After reading the article and watching some YouTube clips for further tips I set out to create the setup in my conservatory - I had two chairs facing each other, between which I placed a sheet of glass (from an old photo frame), and then placed a large glass casserole dish on top of the glass.
My camera was setup on a tripod with two legs on each chair, and the third out the back, so I could point the camera straight down onto the dish. This setup also meant I had some distance between the dish and the backdrop so could experiment with different distances. I started off with a small amount of water in the dish, and poured in some vegetable oil quite loosely, I then very quickly realised it wasn't as easy as it sounded on paper, the oil looked like, well, drops of oil on water - it wasn't the look I was looking for at all.

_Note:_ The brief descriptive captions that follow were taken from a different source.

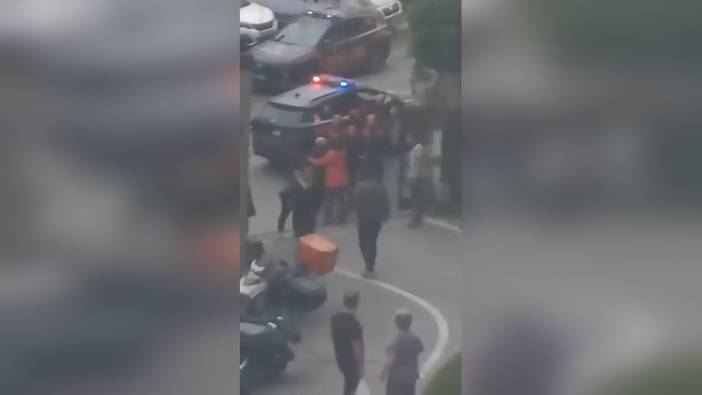 Gaziosmanpaşa'da alacak verecek kavgasında bıçaklı saldırı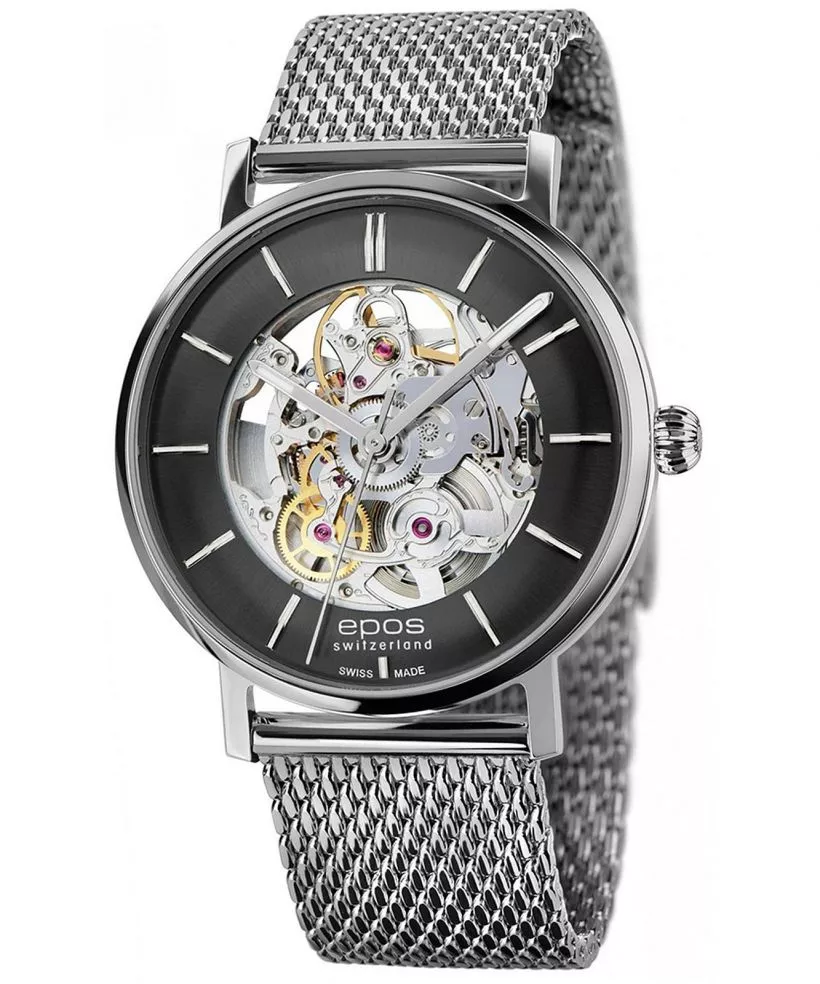 Zegarek męski Epos Originale Skeleton Automatic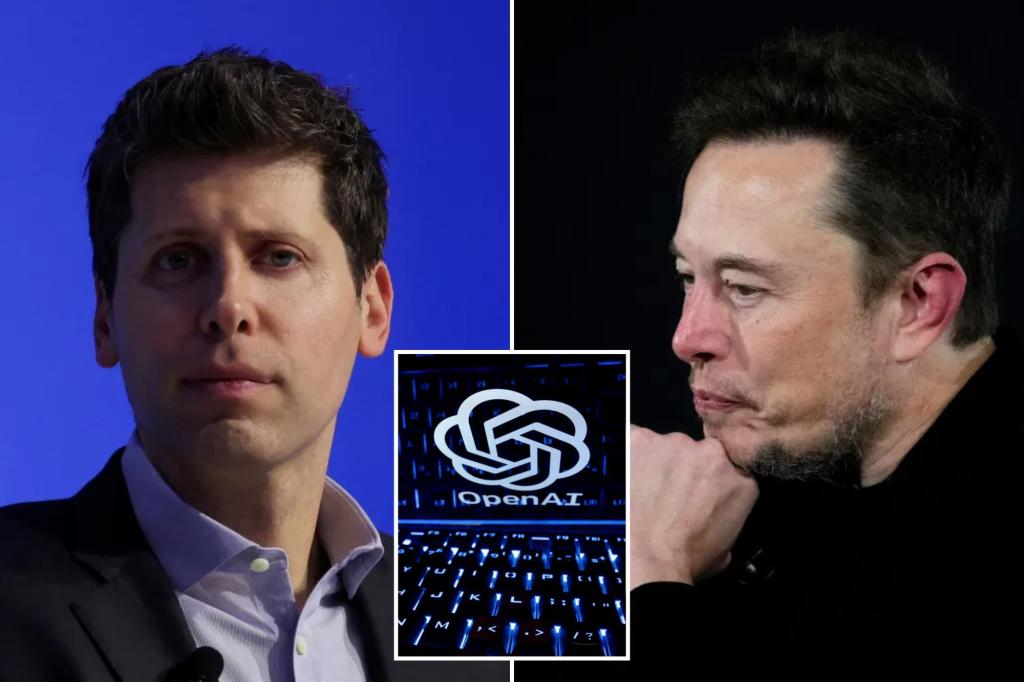 OpenAI denies Elon Musk's claim there was a 'founding agreement'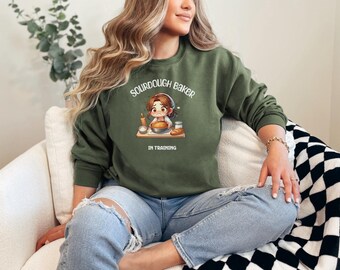 Sweat-shirt boulanger au levain : cadeau douillet pour les amateurs de pain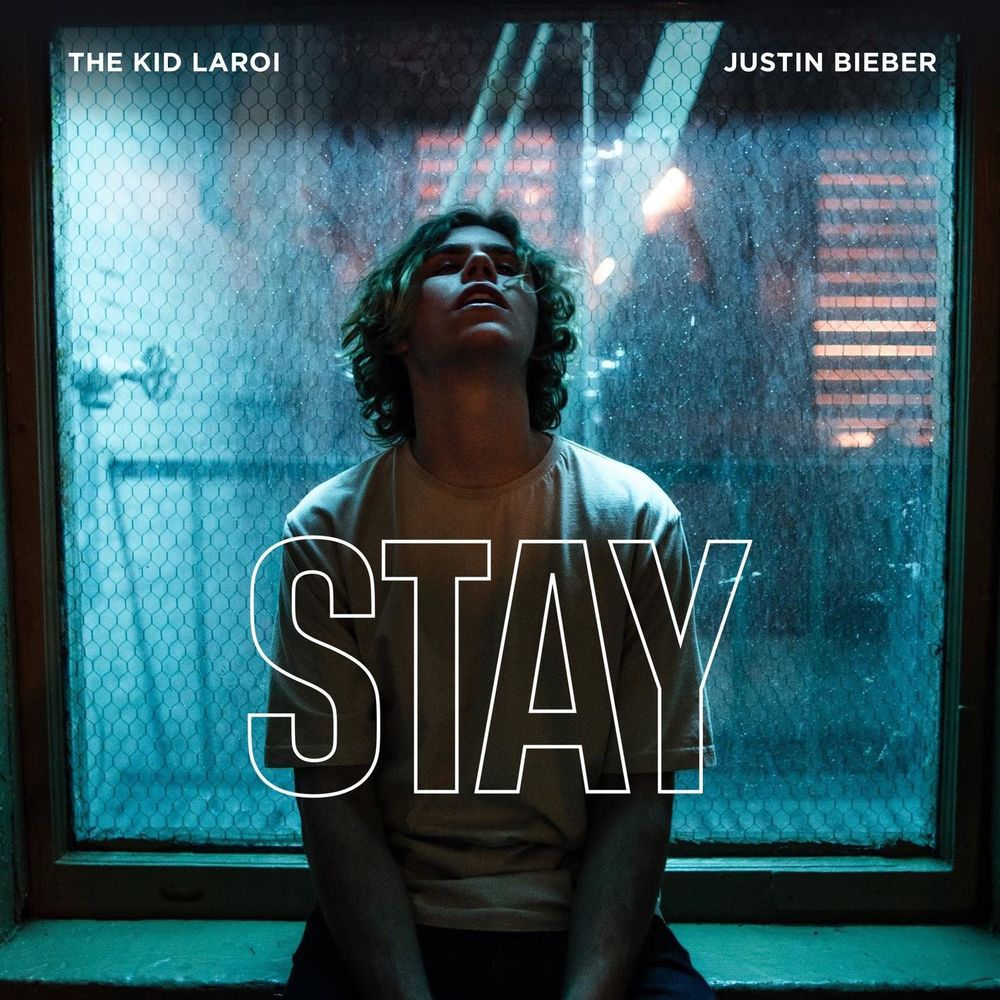 Okładka: The Kid LAROI & Justin Bieber - STAY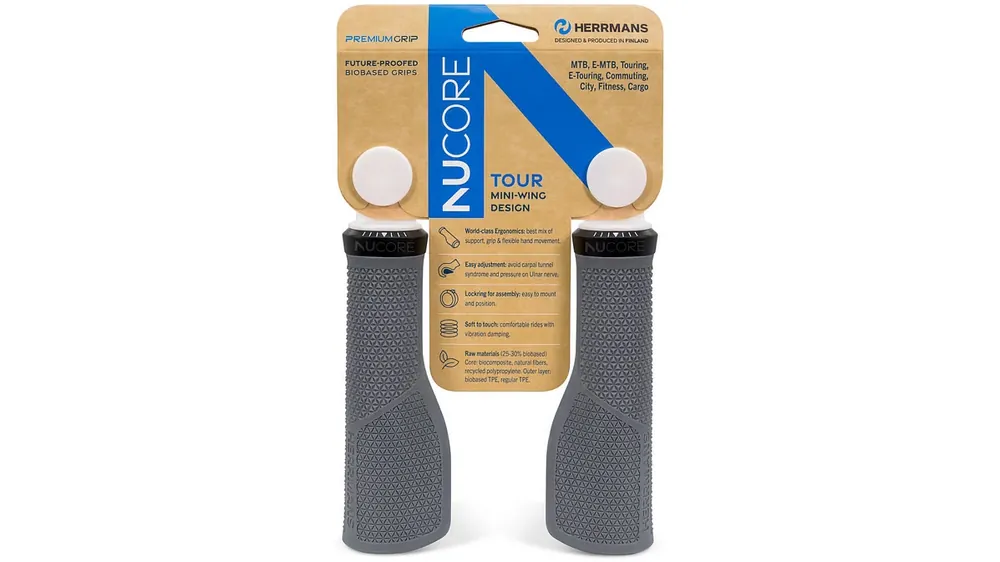 Herrmans Griff Nucore Tour 130 mm grau Sale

I went back to the drawing board, and decided to tether my camera to my laptop, doing this meant two things. I would have far better control over the focus of the lens without knocking or moving the camera, and I could see the results on the large screen before shooting and make changes easily. This had an immediate improvement on the images, I realised I had to raise the backdrop to fill the frame, and also realised the camera was casting a large shadow onto the water - so I covered the camera & tripod legs over the top of the dish with a blanket, leaving light to come in under the glass and illuminate the backdrop - making the colour "pop" more.
The rest was pretty simple from there - I just manipulated the oil with a spoon to make the swirls I wanted, and processed the final images in Photoshop to remove some unwanted bubbles
What camera equipment did you use?
I like to keep my kit bag very compact actually - I use the Canon 5D Mk III with the 24-105 f/4 IS L lens, until recently that was the only lens I owned, but I've since invested in a 70-200 f/2.8 IS L III for wedding work. I also use a Manfrotto 290 Xtra tripod (with XPRO Ball Head).
Could you tell us a little about yourself as a photographer?
I've only really been taking photography seriously for a few years and would most definitely describe myself as a "hobbyist", but I like to push the boundaries a bit - for example my twofold series is what I'm most actively working on - the principle is shooting an image and "mirroring" it for a surreal, abstract look - that project is on hold whilst on lockdown though.
My work has been featured in a number of magazines in the UK - including Practical Photography and Amateur Photographer and has been published in various newspapers over the years. I offer one to one workshops and club talks to share my view & passion for photography.
I'm passionate about capturing the beauty of the world we live in and continue to be amazed by how blessed we are by our surroundings.